Panowie wspólnie przekonali się do powrotu na krajową scenę i w trakcie trwania sezonu zasilili szeregi Izako Boars. I była to – jak się później miało okazać – decyzja idealna.

***

– Dostałem oferty od zagranicznych formacji, w których nadal mógłbym zarabiać. Coś mówi mi jednak, że Izako Boars ma przed sobą świetlaną przyszłość. Nie mam wątpliwości, że z zapału chłopaków i ciężkiej pracy może powstać drużyna, która wygra Polish Masters, dostanie się do Challenger League, postawi opór w Europie i przy odrobinie szczęścia awansuje do Pro League. Taki jest cel mówił nam po transferze do zespołu Dzików AueR.

I ten cel po części został wykonany. Co prawda Europa nie została podbita, a ekipa Fostera musiała zadowolić się krajowym czempionatem, jednak dla większości graczy to i tak był historyczny sukces. Skład nazywa już ekipą Fostera, a nie Izako Boars, bo w trakcie ECL-a drużyna rozstała się z organizacją.

– Zakładaliśmy, że uda nam się spełnić ich oczekiwania, ale te w logiczny sposób wzrosły wraz ze startem rywalizacji w European Challenger League. Niestety, ale 2020 nie był i nie jest dobrym rokiem na dodatkowe zabudżetowanie na czwarty kwartał w wysokości kilkudziesięciu tysięcy złotych. Nikt z nas na początku tworzenia budżetu nie zakładał, że poszerzymy organizację o kolejną dywizję, stąd też wynikał brak możliwości dalszego działania czytaliśmy w komunikacie wysłanym po ogłoszeniu decyzji.

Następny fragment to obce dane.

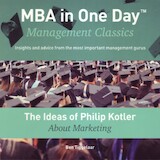 The Ideas of Philip Kotler About Marketing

– To jedna z najcięższych sytuacji w mojej dotychczasowej karierze. Z chłopakami zbudowałem niesamowitą relację i bardzo chciałbym, aby historia potoczyło zupełnie inaczej. Mam tylko nadzieję, że zawodnicy znajdą odpowiedni dla siebie dom. Przez ten czas jako agencja Knacks pomożemy chłopakom poprzez reprezentowanie ich w kwestiach formalnych, ligowych. Ciągle pracujemy nad znalezieniem im nowej organizacji dopowiadał nam Paweł Potoczny, menadżer Izako Boars.

***

Rozstanie na pewno było trudne dla obu stron, wszak obie zrobiły dla siebie wiele, jednak był to ruch konieczny. Gra na europejskim szczeblu zwiększa oczekiwania, a niejedna z zagranicznych formacji na tym pułapie zarabia już konkretne pieniądze. Polakom pozostawała jednak rywalizacja pod tagiem Homeless. Ci bezdomni mieli w sobie jednak o wiele więcej werwy niż niejedni weterani.

– Przez trzy lata mojej gry w Rainbow Six: Siege na polskiej scenie widzieliśmy samych weteranów – zmęczonych gości, którym nie do końca zależało na rozwoju. Stara gwardia nagle odeszła jednak do lamusa. Zastąpiła ich oczekiwana od dawna świeża krew w postaci np. Royala, Ryby czy Fostera. Wystarczyło pomieszać młodzieńczą werwę ze szczyptą doświadczenia i efekty widać gołym okiem przekonywał nas po triumfie w Polish Masters AueR.

***

Kwalifikacji do European League ostatecznie nie udało się uzyskać, a zimowa przerwa mogła okazać się wyniszczająca, jednak mistrzowie kraju dokonali raptem dwóch kadrowych zmian, co w realiach Rainbow Six: Siege i tak jest małym sukcesem. A wytrwałość została solidnie nagrodzona. Polskich czempionów wkrótce przywitała bowiem brytyjska organizacja – NOX Esports.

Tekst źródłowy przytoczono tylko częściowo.